**ACTION ITEM:** Copy word for word, please, the lines of the entries below running from the one containing "Apartamento · 60m²" to the one containing "Thanks 8000 IINE!", both ends included.

--- EXERCISE MATERIALS ---

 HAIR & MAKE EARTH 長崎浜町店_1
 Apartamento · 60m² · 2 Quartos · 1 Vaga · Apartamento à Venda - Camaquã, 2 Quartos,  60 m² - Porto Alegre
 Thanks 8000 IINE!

---
--- EXERCISE MATERIALS ---

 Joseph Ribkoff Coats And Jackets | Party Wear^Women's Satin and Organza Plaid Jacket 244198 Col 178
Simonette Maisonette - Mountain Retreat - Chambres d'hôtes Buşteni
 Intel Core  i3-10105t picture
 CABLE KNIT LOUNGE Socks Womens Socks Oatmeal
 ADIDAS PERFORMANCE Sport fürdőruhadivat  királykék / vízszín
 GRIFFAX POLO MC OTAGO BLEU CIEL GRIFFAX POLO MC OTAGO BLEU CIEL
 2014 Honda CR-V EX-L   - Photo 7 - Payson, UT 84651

---
--- EXERCISE MATERIALS ---

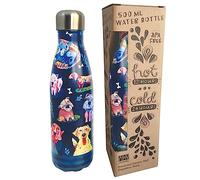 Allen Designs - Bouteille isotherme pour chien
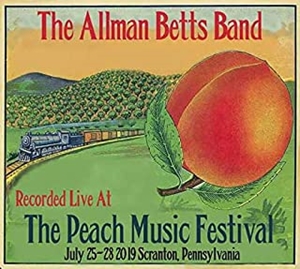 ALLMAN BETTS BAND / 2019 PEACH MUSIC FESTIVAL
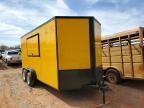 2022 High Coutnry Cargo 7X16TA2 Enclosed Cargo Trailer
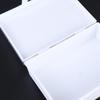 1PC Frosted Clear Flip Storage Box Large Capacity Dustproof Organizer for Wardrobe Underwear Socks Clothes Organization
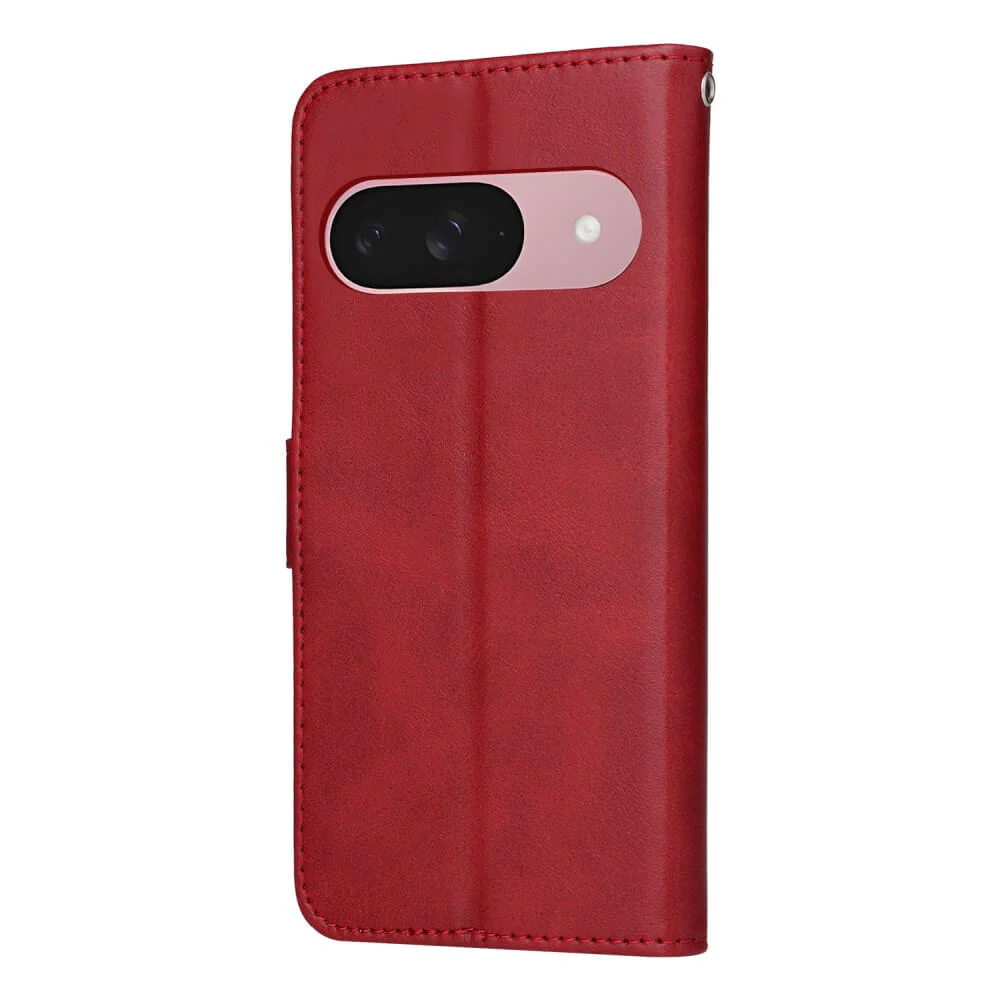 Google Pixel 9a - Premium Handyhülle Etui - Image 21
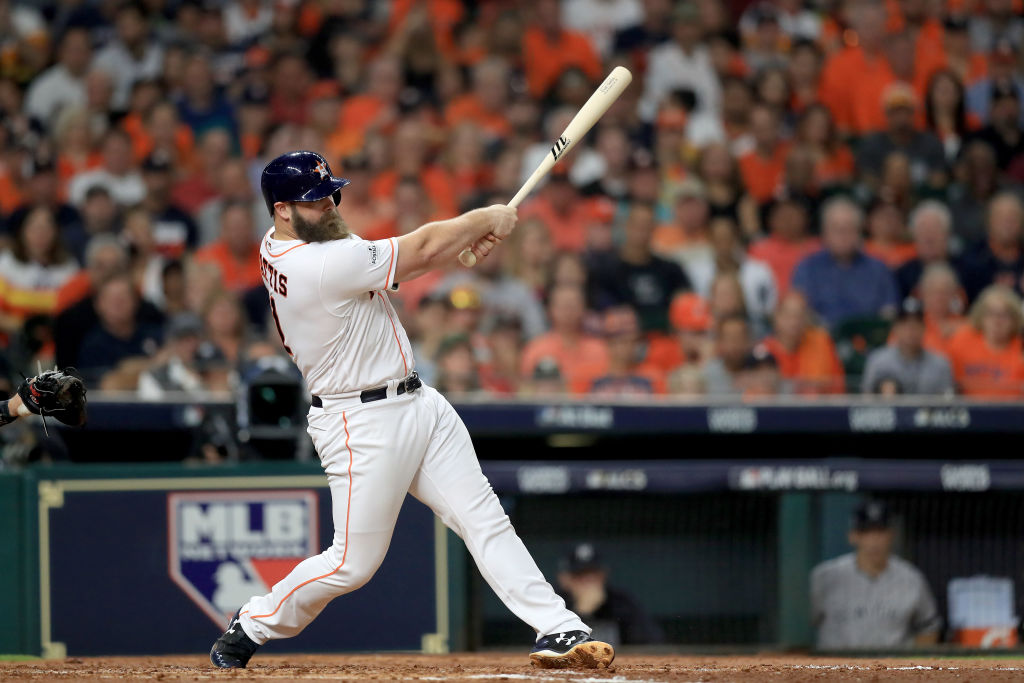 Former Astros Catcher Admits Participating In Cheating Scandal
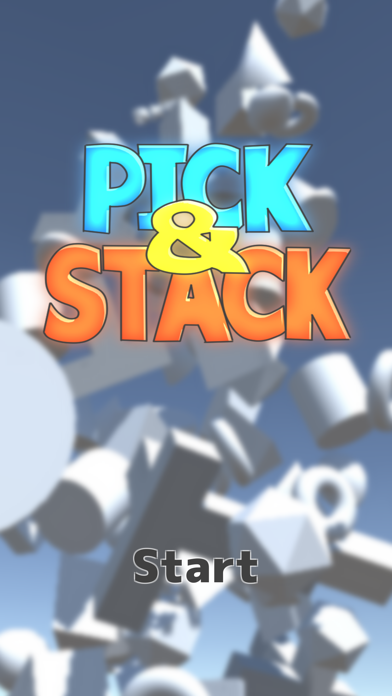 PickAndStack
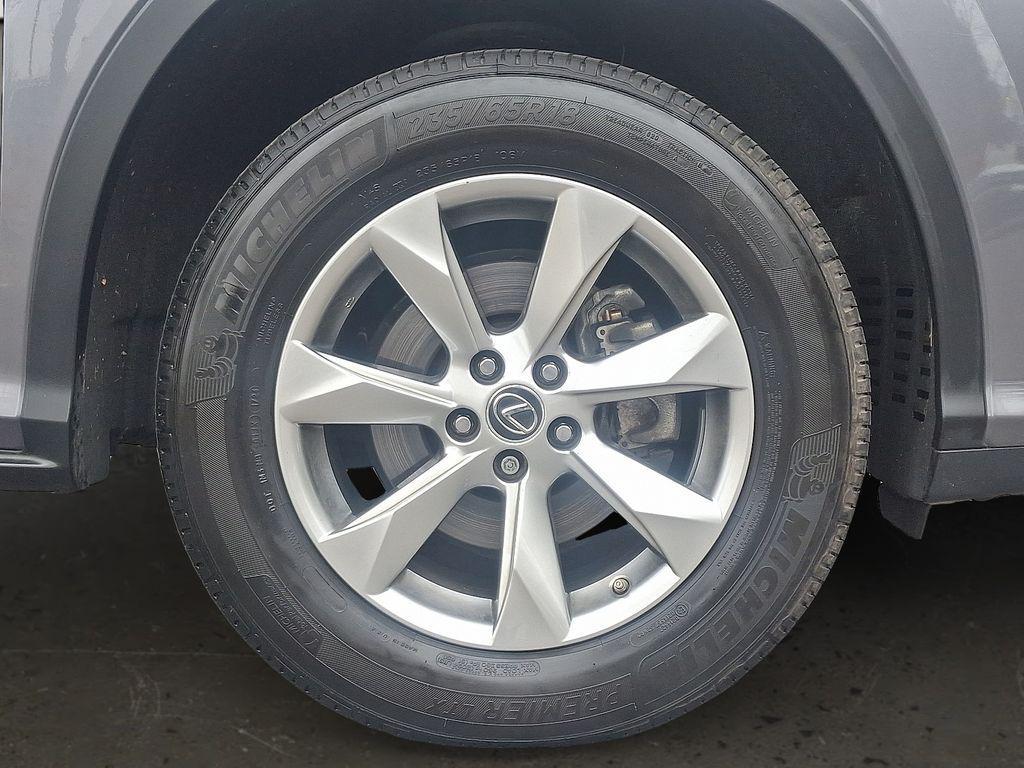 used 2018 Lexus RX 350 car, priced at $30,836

---

**SOLUTION TO THIS PROBLEM:**
 Apartamento · 60m² · 2 Quartos · 1 Vaga · Apartamento à Venda - Camaquã, 2 Quartos,  60 m² - Porto Alegre
 Thanks 8000 IINE!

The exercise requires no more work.